*** Opening RECORDS SUPPLIED ***

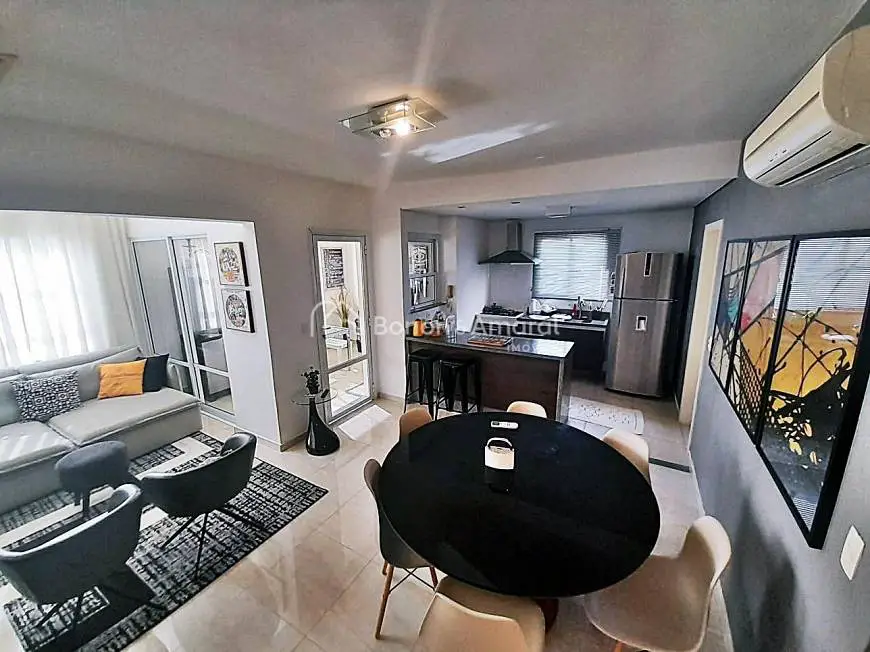 Foto 1 de Apartamento com 2 Quartos à venda, 105m² em Cambuí, Campinas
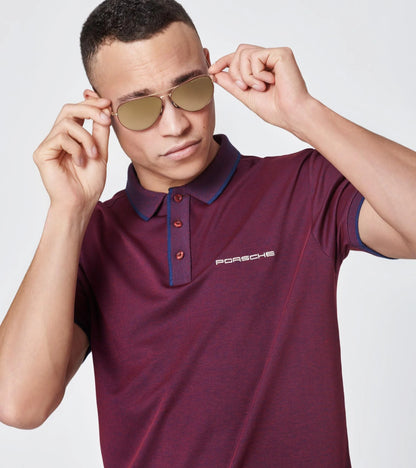 Porsche Design Polo Shirt – Heritage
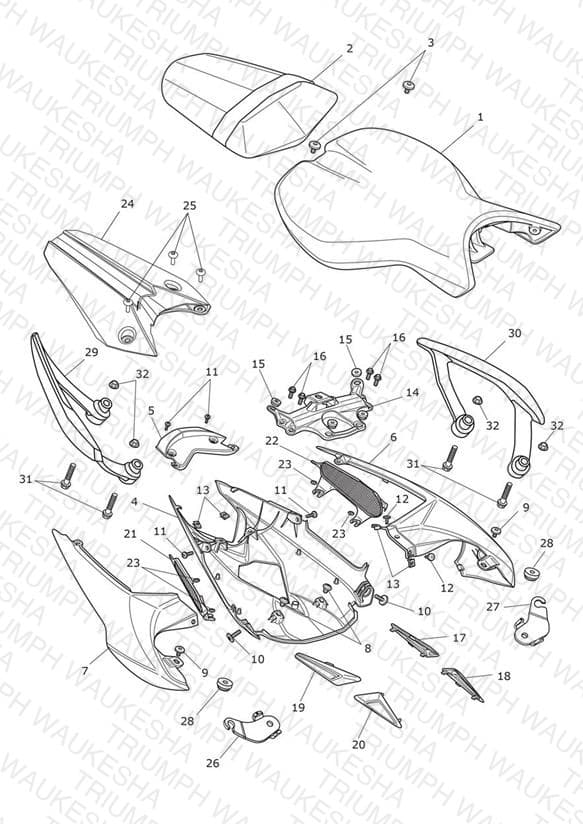 Assembly schematic
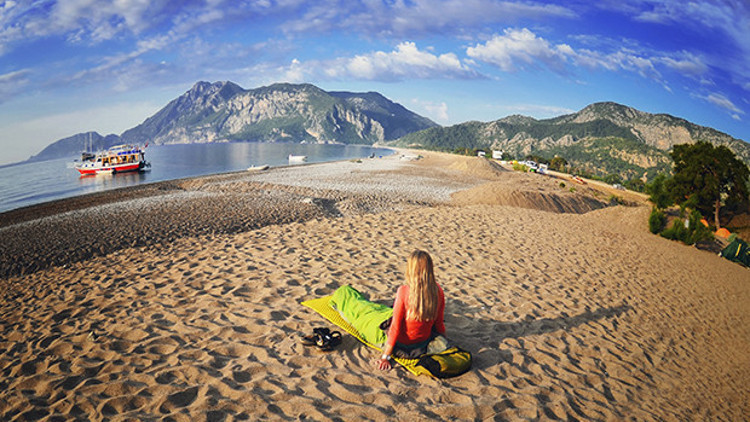 ANTALYANIN ANTİK DURAKLARI ANTALYANIN ANTİK DURAKLARI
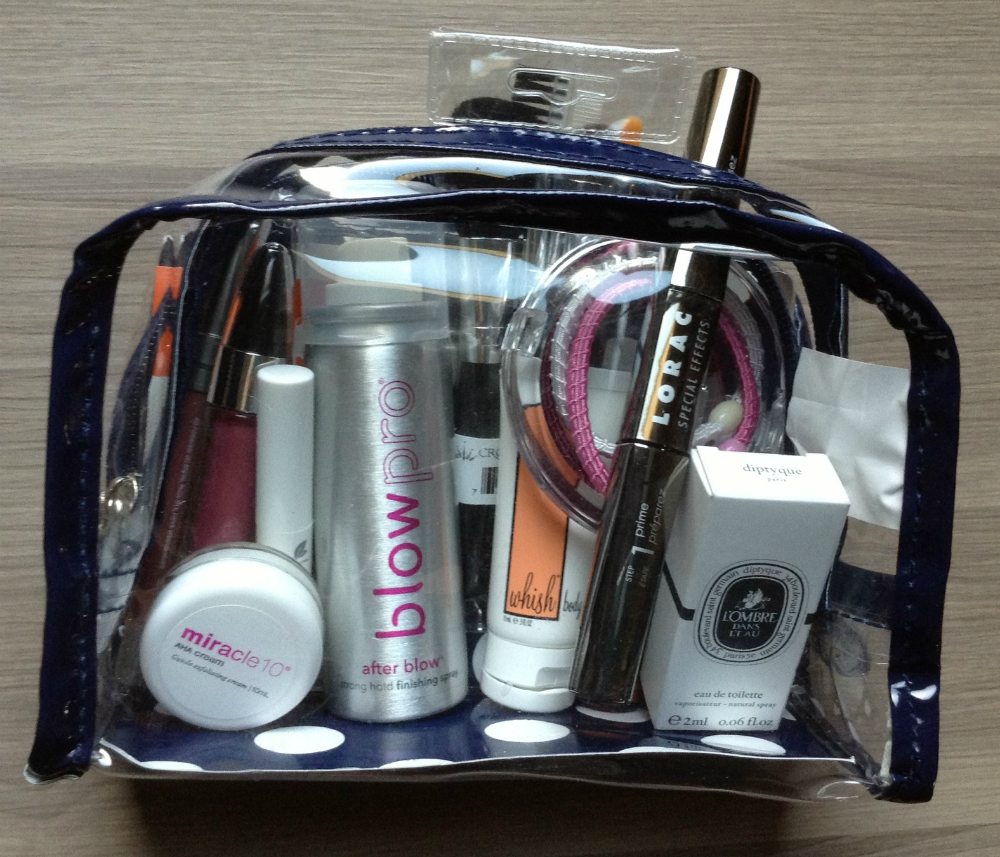 HauteLook Summer Beauty Bag Review – July 2013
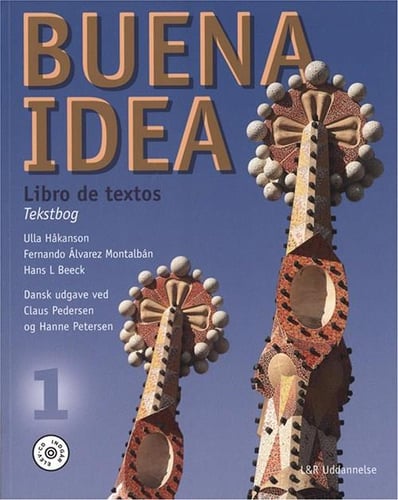 Buena idea 1 - Libro de textos - picture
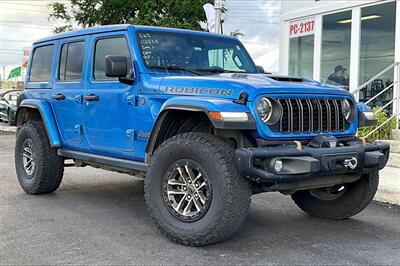 2024 Jeep Wrangler Rubicon 392 Final Edition SUV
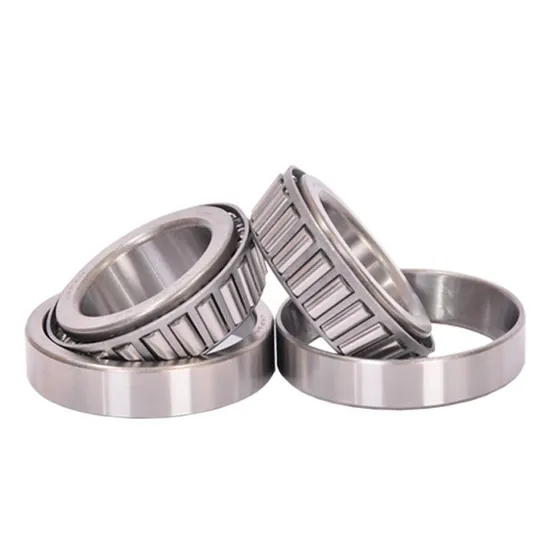 High Load 7613-7617 tapered roller bearing for heavy trucks: durable, high-capacity, precision-engineered for demanding axle applications.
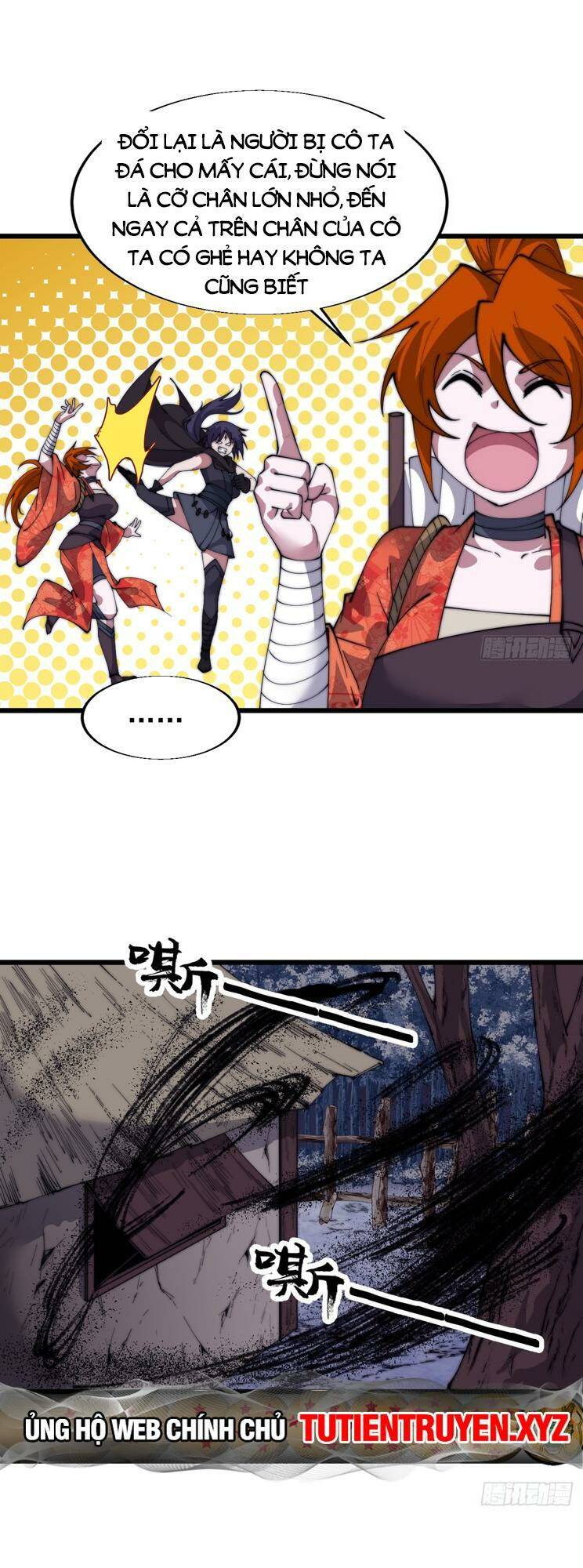 Ta Có Một Sơn Trại Chapter 770 - Trang 29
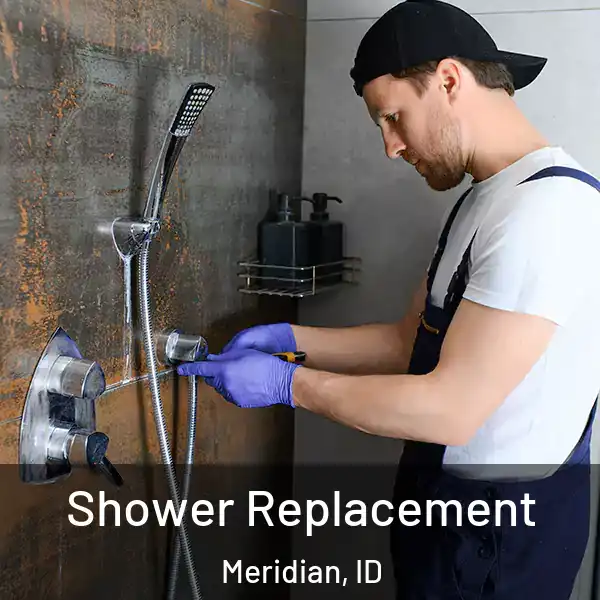  Shower Replacement Meridian, ID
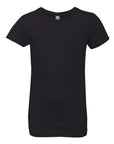 Next Level Girls’ Cotton Princess T-Shirt 3710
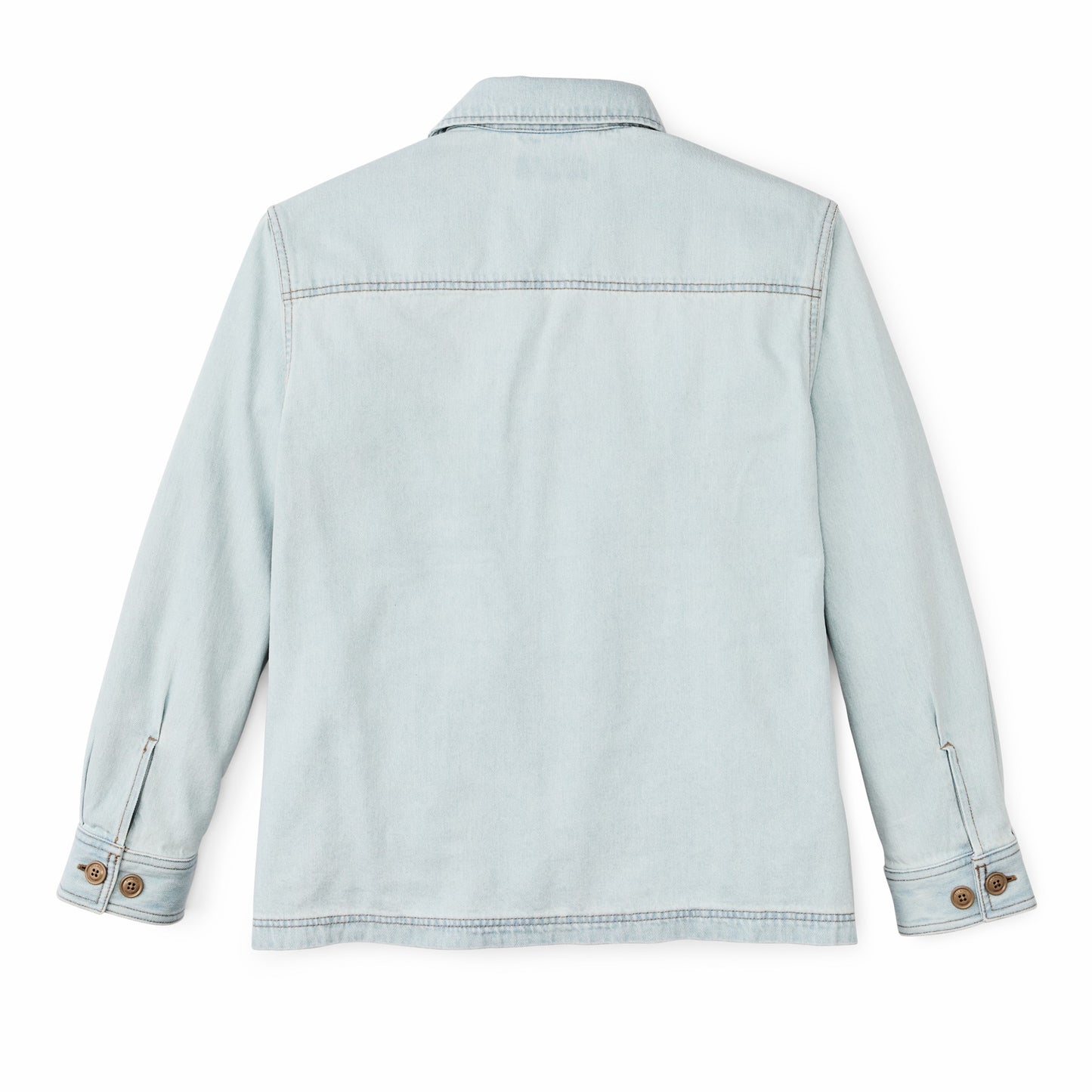 Filson Women Women's 9-oz. Denim Jac-shirt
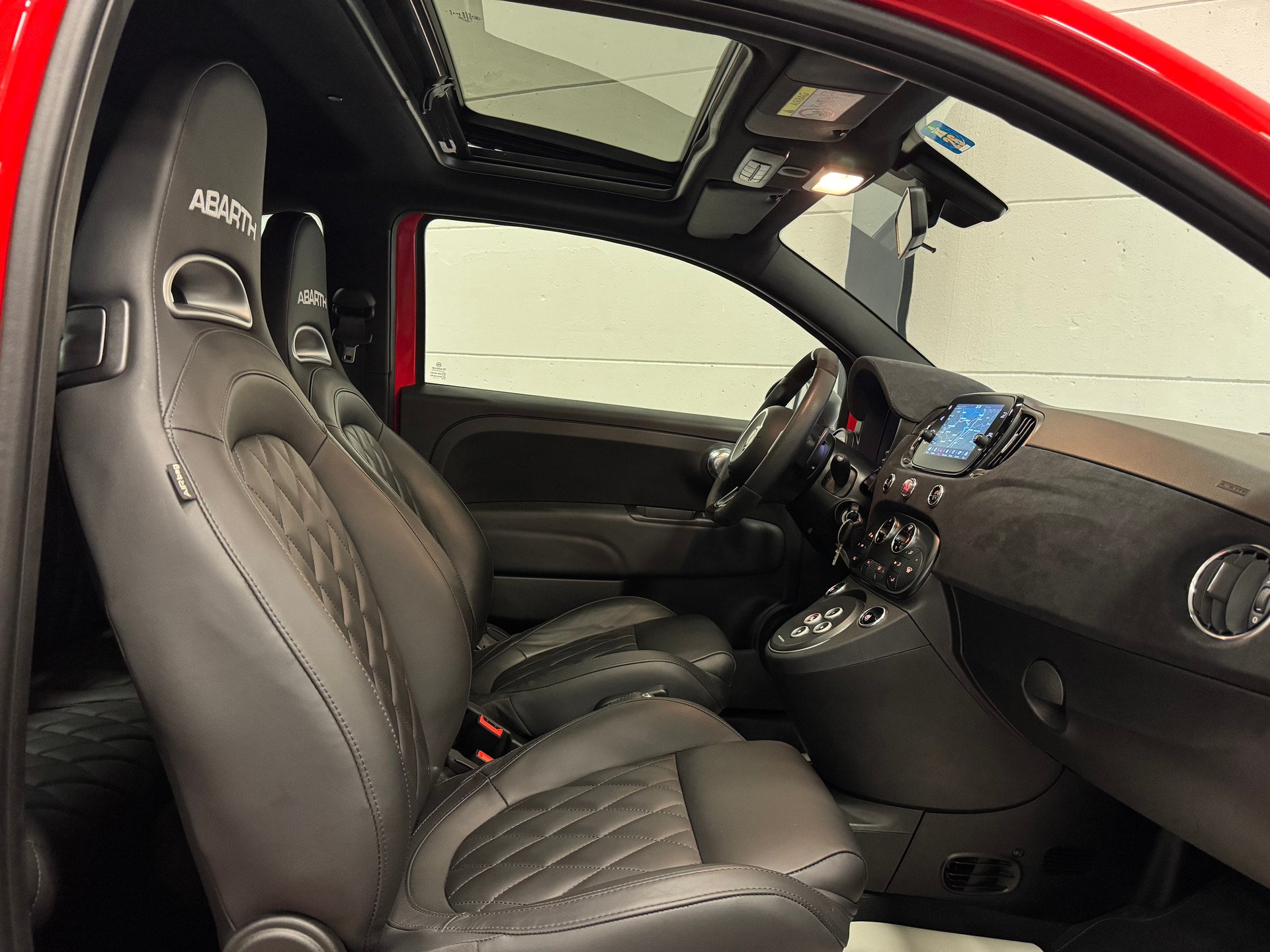 FIAT 595 1.4 16V Turbo Abarth Competizione Dualogic-image-20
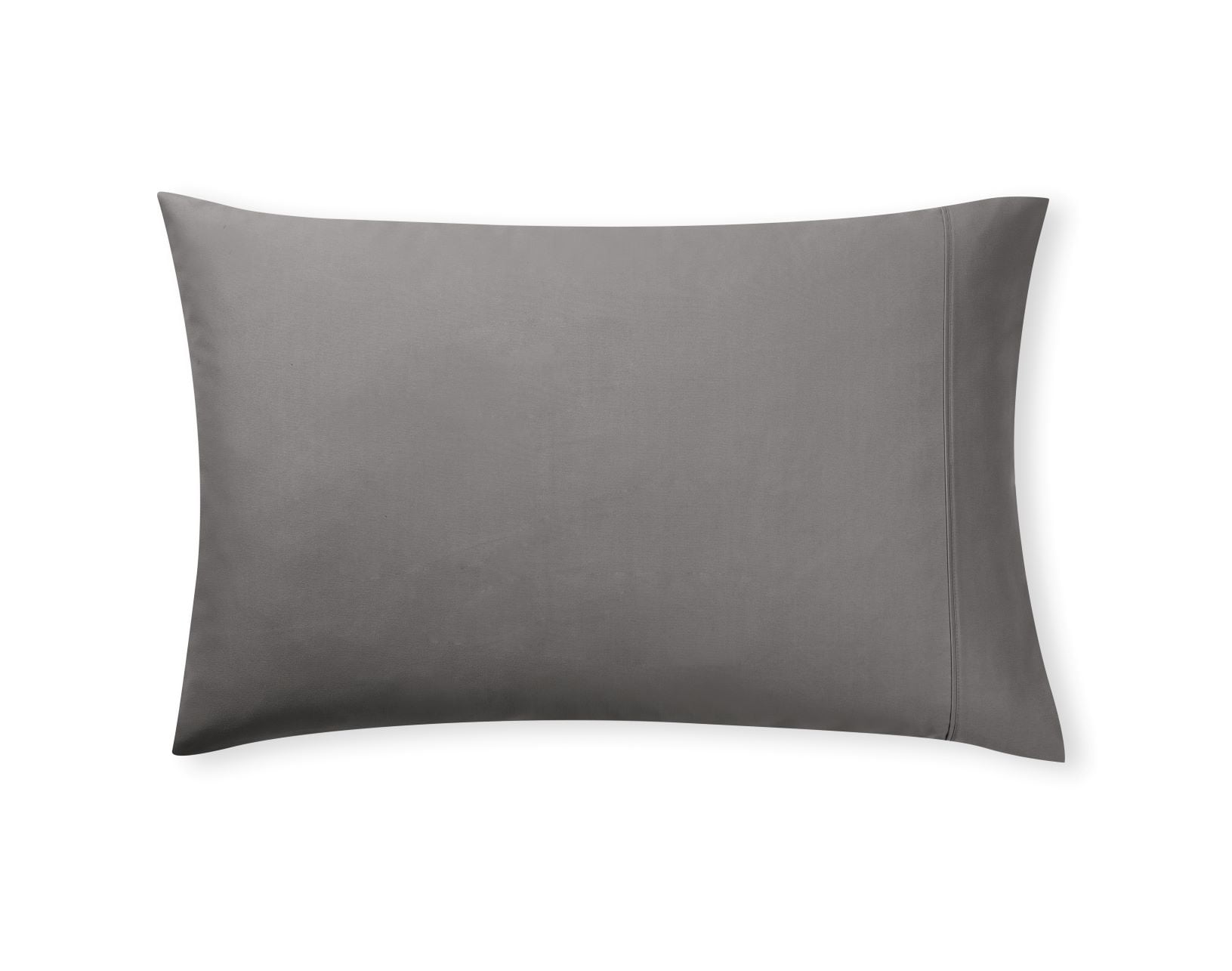 Serta So Soft Dark Gray Pillowcases, Standard/Queen (2 Count)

*** Closing RECORDS SUPPLIED ***

**WHAT IS NEEDED**
The expected output is the whole listing, word for word, minus its pictures.

**TASK OUTPUT**
 Foto 1 de Apartamento com 2 Quartos à venda, 105m² em Cambuí, Campinas
 Porsche Design Polo Shirt – Heritage
 Assembly schematic
 ANTALYANIN ANTİK DURAKLARI ANTALYANIN ANTİK DURAKLARI
 HauteLook Summer Beauty Bag Review – July 2013
 Buena idea 1 - Libro de textos - picture
 2024 Jeep Wrangler Rubicon 392 Final Edition SUV
 High Load 7613-7617 tapered roller bearing for heavy trucks: durable, high-capacity, precision-engineered for demanding axle applications.
 Ta Có Một Sơn Trại Chapter 770 - Trang 29
  Shower Replacement Meridian, ID
 Next Level Girls’ Cotton Princess T-Shirt 3710
 Filson Women Women's 9-oz. Denim Jac-shirt
 FIAT 595 1.4 16V Turbo Abarth Competizione Dualogic-image-20
 Serta So Soft Dark Gray Pillowcases, Standard/Queen (2 Count)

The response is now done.